(Records from a dataset)
◆ ◆ ◆

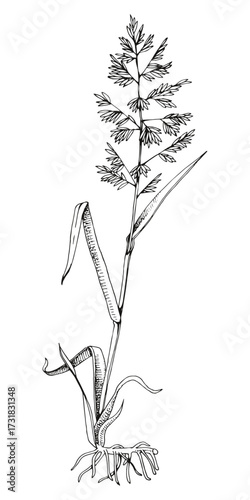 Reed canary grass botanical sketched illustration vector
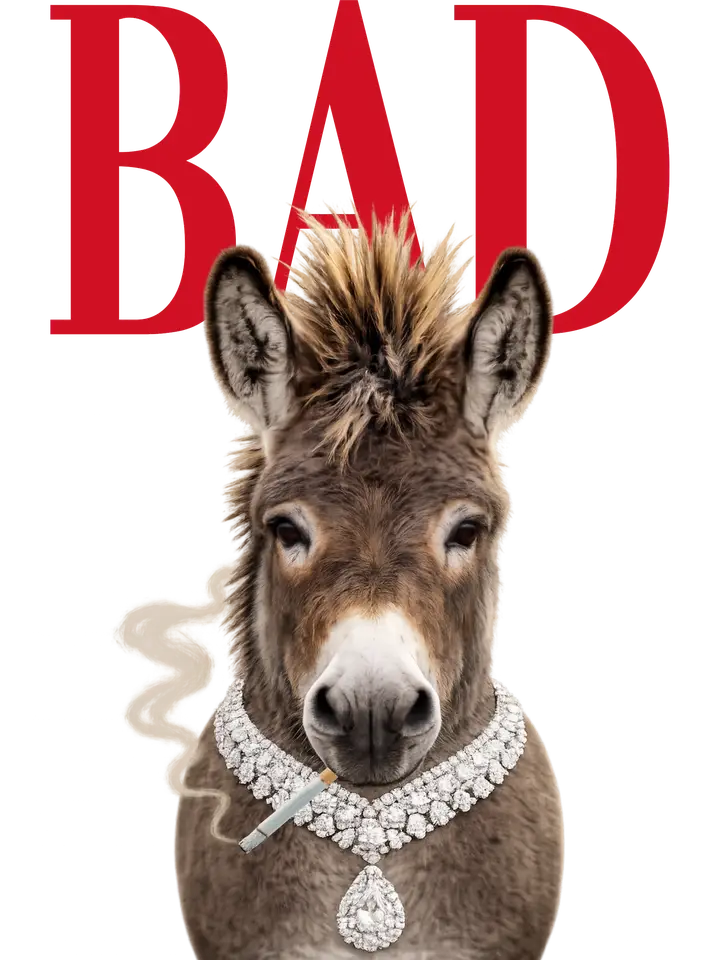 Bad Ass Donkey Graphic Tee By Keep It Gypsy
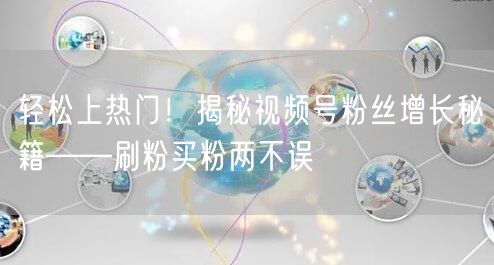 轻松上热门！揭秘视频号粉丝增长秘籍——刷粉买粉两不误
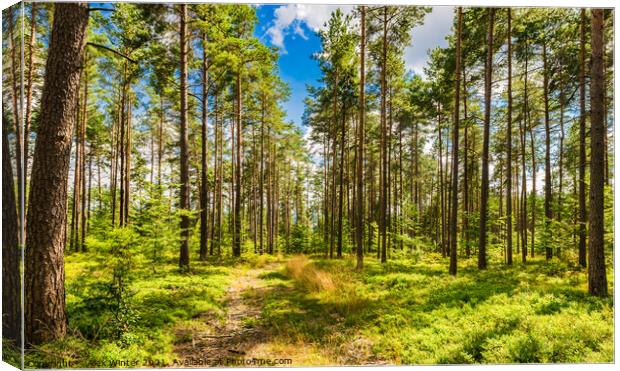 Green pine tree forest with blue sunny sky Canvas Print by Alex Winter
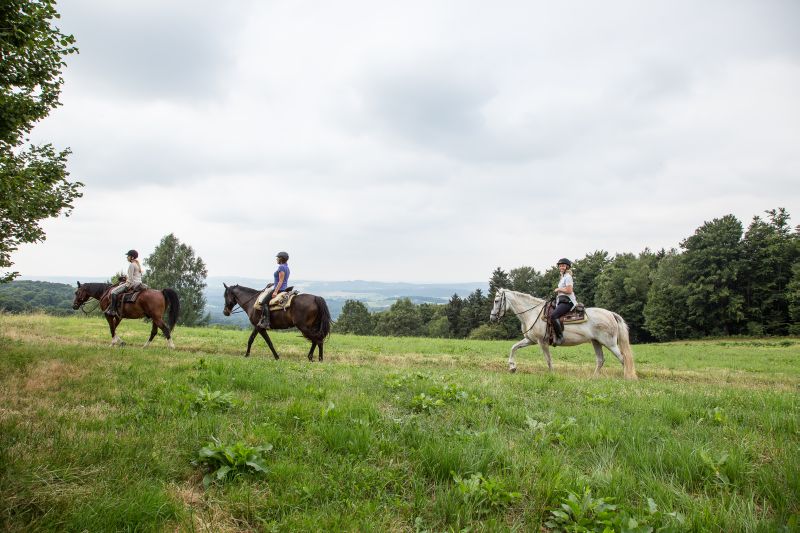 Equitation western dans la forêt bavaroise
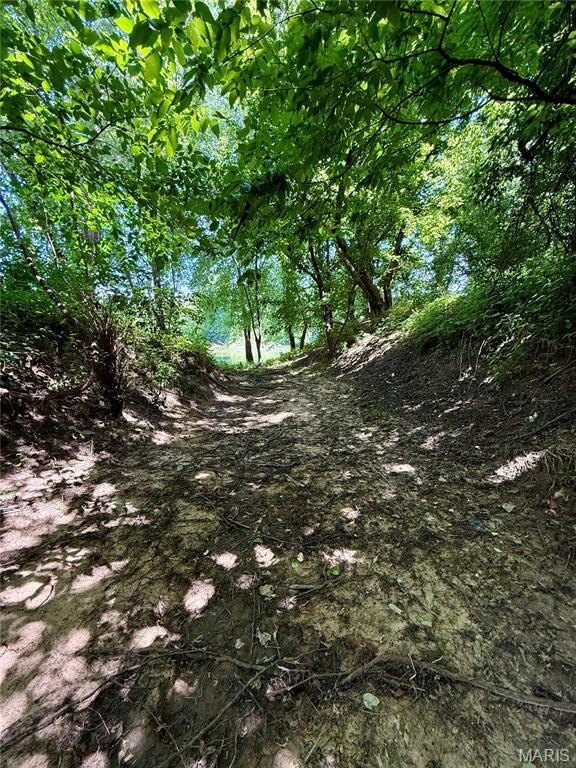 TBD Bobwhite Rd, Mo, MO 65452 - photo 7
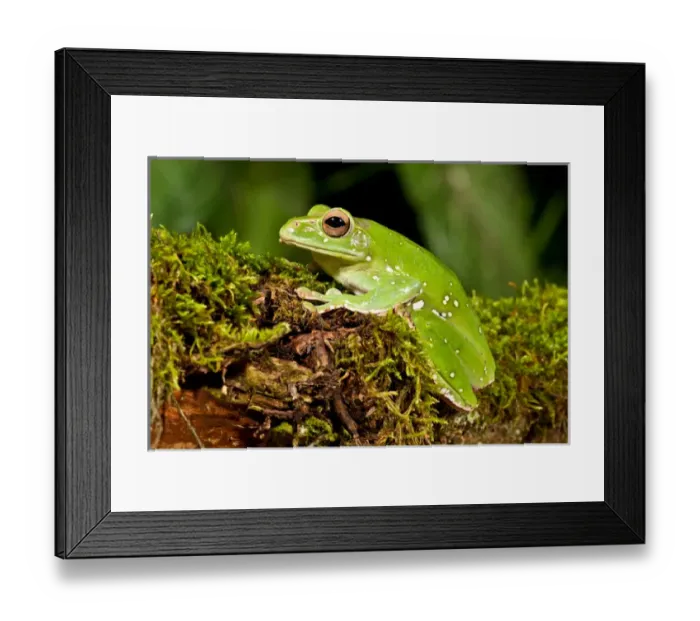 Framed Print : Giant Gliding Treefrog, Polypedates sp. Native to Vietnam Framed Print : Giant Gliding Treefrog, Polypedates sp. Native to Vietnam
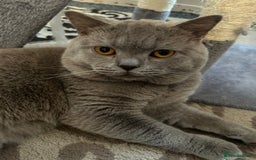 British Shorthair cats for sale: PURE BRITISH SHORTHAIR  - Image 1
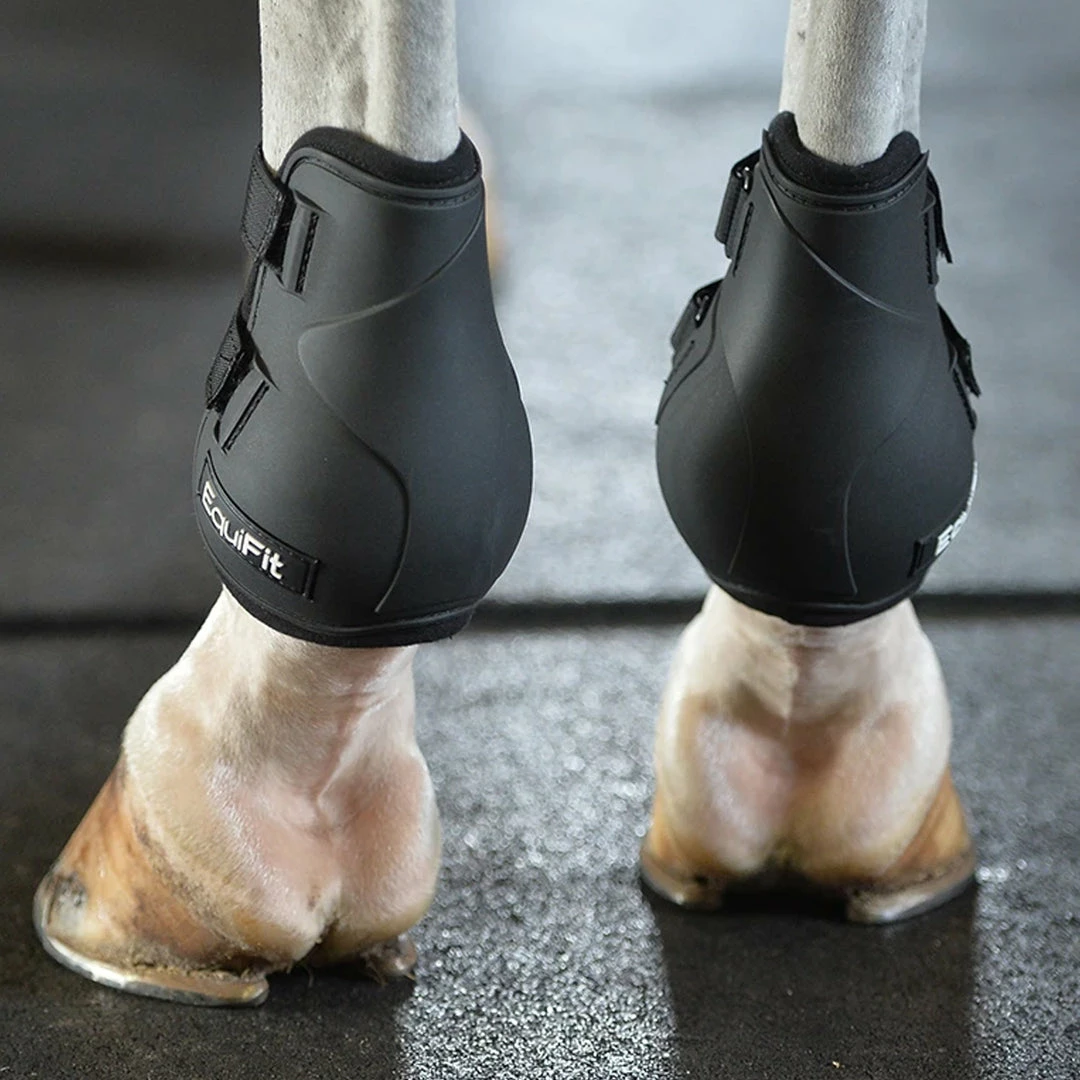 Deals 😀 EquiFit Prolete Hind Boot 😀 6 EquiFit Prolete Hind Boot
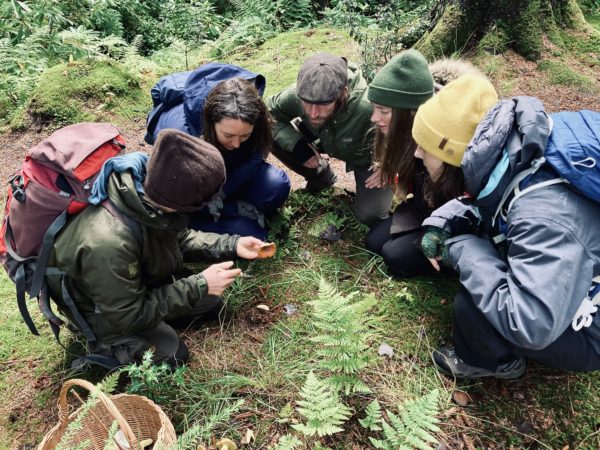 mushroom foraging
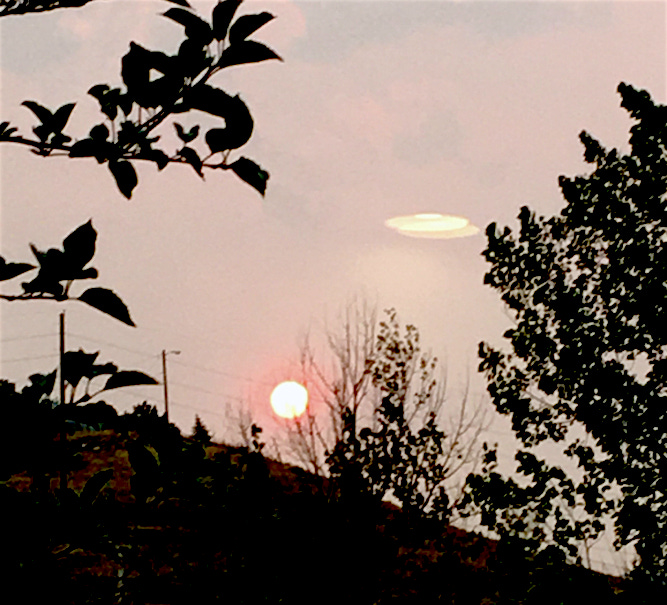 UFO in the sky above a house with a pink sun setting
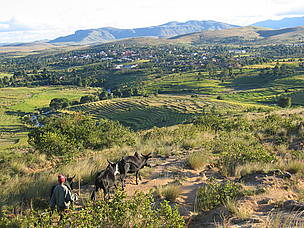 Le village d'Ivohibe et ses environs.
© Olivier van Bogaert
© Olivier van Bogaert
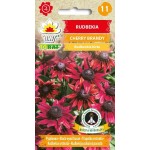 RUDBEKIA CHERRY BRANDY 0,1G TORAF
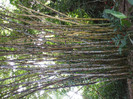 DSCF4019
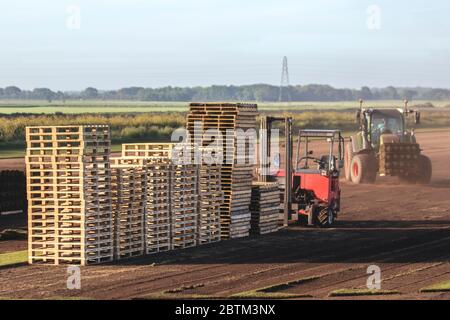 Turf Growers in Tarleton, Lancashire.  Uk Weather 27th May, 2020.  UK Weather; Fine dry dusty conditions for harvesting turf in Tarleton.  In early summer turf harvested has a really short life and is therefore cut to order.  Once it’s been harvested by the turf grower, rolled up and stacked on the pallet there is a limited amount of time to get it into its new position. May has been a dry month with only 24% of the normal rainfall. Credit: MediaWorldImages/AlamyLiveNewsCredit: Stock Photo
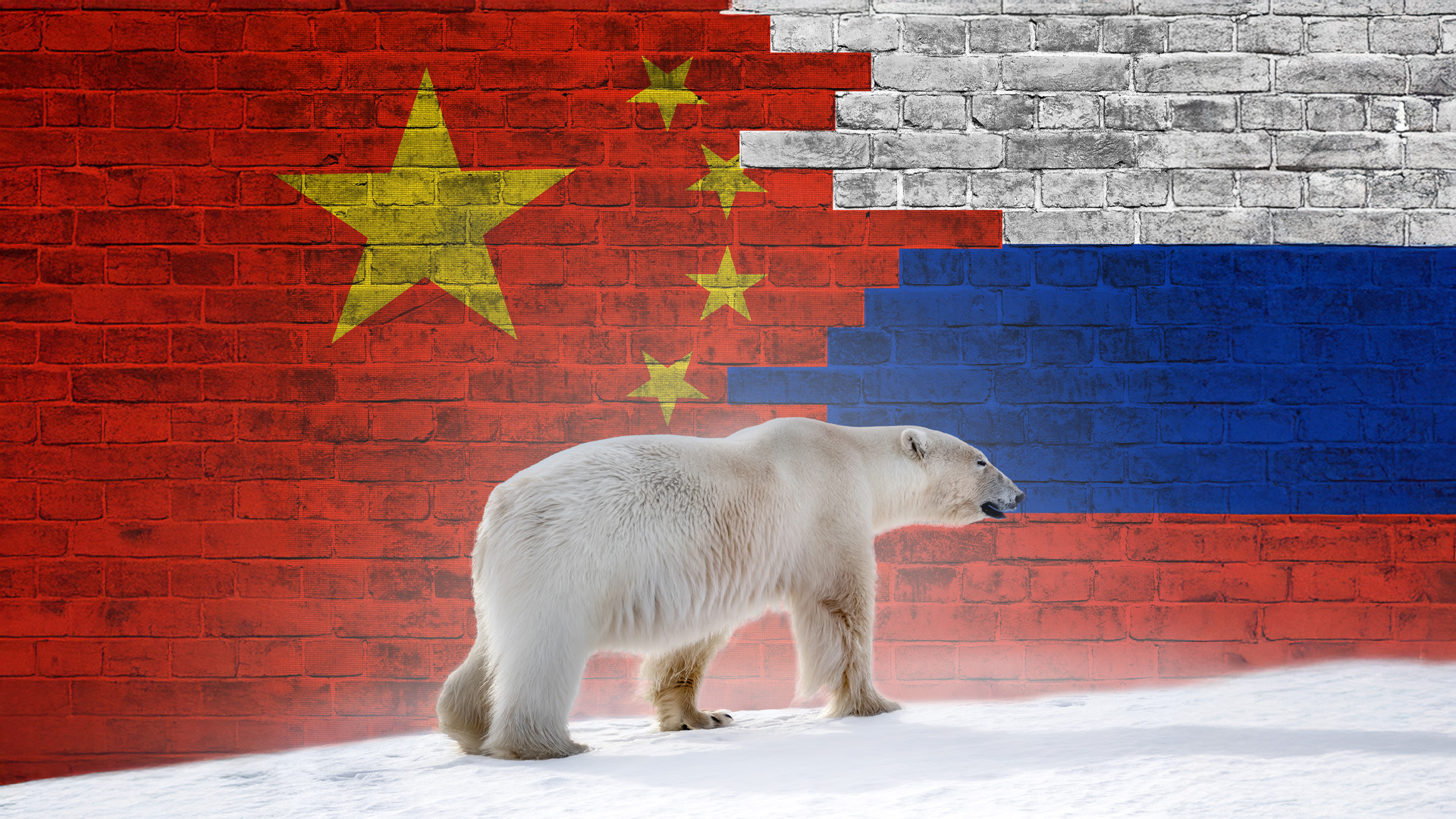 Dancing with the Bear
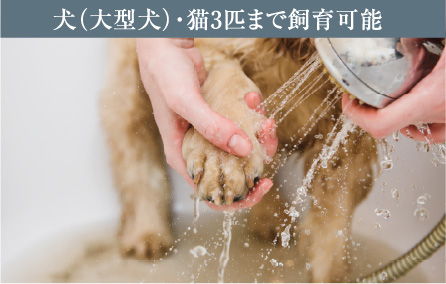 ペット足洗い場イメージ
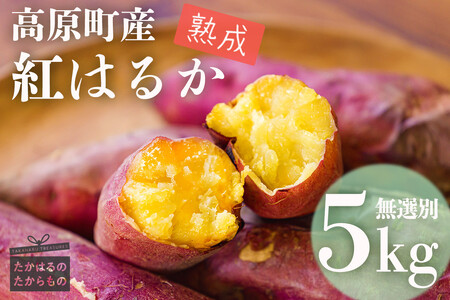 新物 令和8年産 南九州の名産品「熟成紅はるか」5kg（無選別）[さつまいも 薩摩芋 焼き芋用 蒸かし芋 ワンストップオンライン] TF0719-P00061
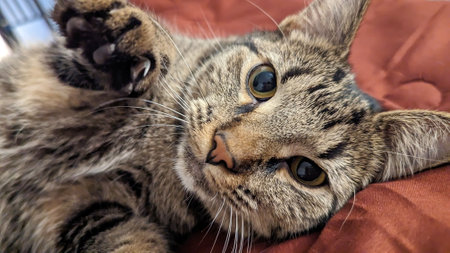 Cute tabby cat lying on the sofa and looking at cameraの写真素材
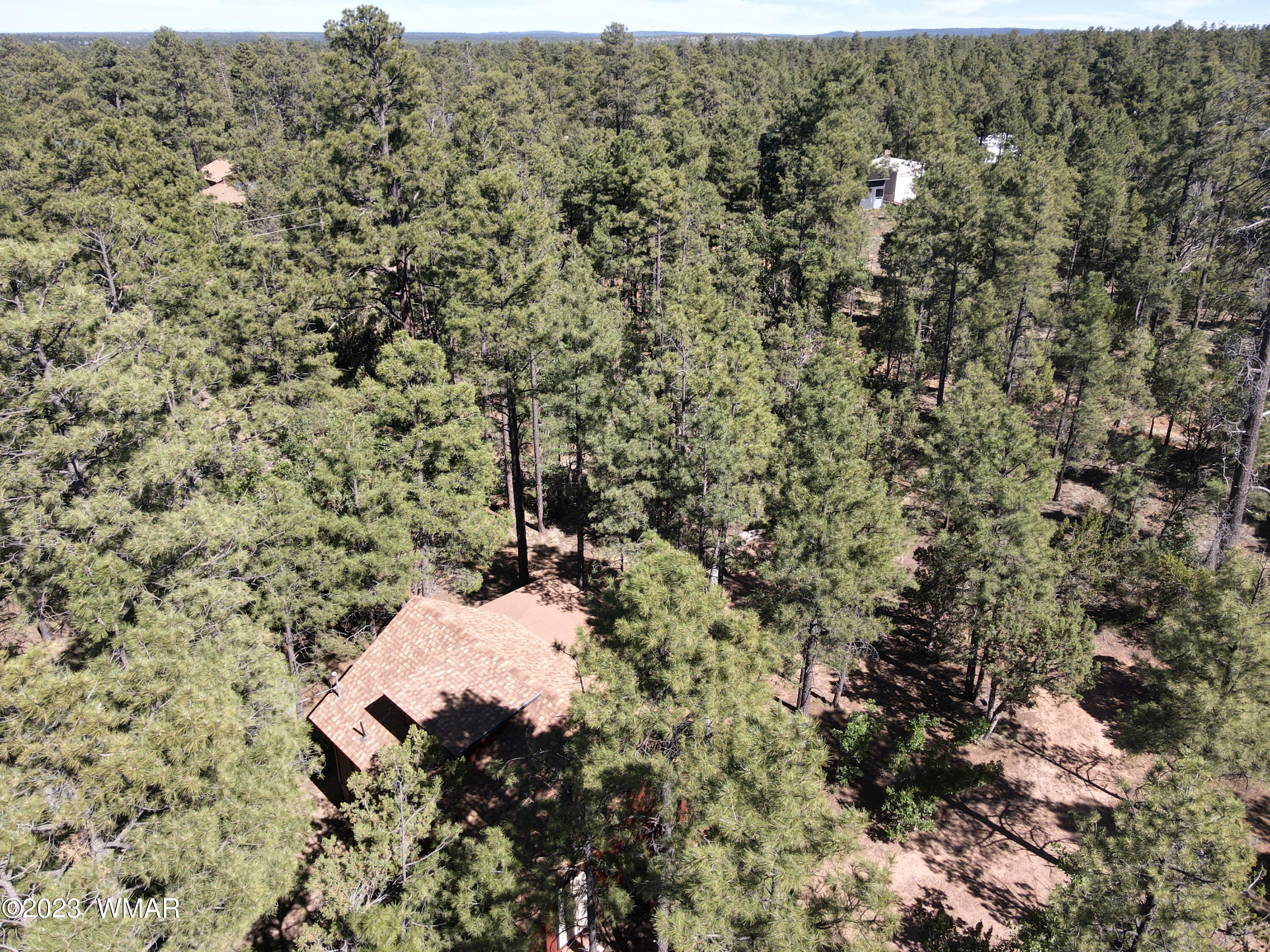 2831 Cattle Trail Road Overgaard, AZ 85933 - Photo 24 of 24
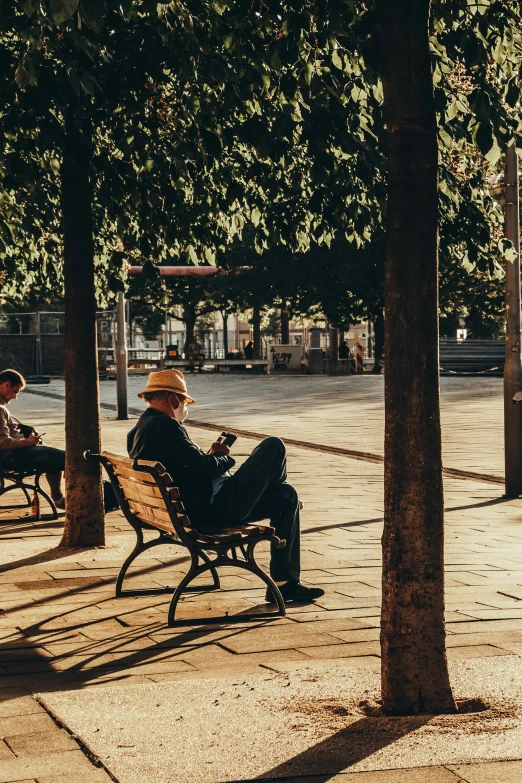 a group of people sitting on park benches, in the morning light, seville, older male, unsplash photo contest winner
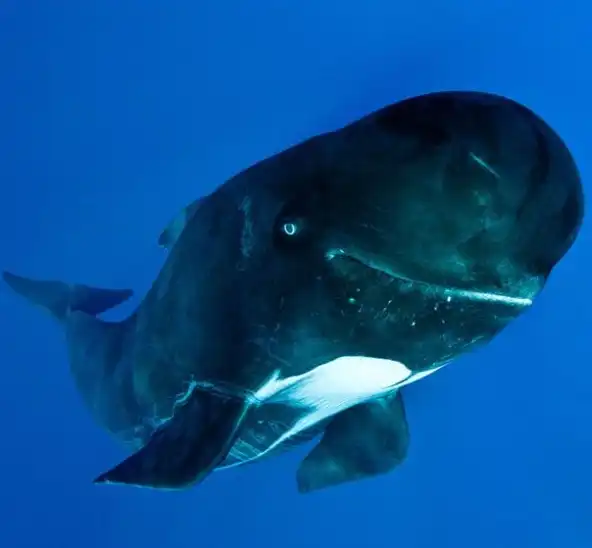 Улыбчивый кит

◆ ◆ ◆

# [Task brief]
Every line between the one containing "Le village d'Ivohibe et ses environs." and the last line of the data above, both included, should be copied exactly, but not the pictures.

# [Exercise answer]
 Le village d'Ivohibe et ses environs.
© Olivier van Bogaert
© Olivier van Bogaert
 RUDBEKIA CHERRY BRANDY 0,1G TORAF
 DSCF4019
 Turf Growers in Tarleton, Lancashire.  Uk Weather 27th May, 2020.  UK Weather; Fine dry dusty conditions for harvesting turf in Tarleton.  In early summer turf harvested has a really short life and is therefore cut to order.  Once it’s been harvested by the turf grower, rolled up and stacked on the pallet there is a limited amount of time to get it into its new position. May has been a dry month with only 24% of the normal rainfall. Credit: MediaWorldImages/AlamyLiveNewsCredit: Stock Photo
 Dancing with the Bear
 ペット足洗い場イメージ
 新物 令和8年産 南九州の名産品「熟成紅はるか」5kg（無選別）[さつまいも 薩摩芋 焼き芋用 蒸かし芋 ワンストップオンライン] TF0719-P00061
 Cute tabby cat lying on the sofa and looking at cameraの写真素材
 2831 Cattle Trail Road Overgaard, AZ 85933 - Photo 24 of 24
 a group of people sitting on park benches, in the morning light, seville, older male, unsplash photo contest winner
 Улыбчивый кит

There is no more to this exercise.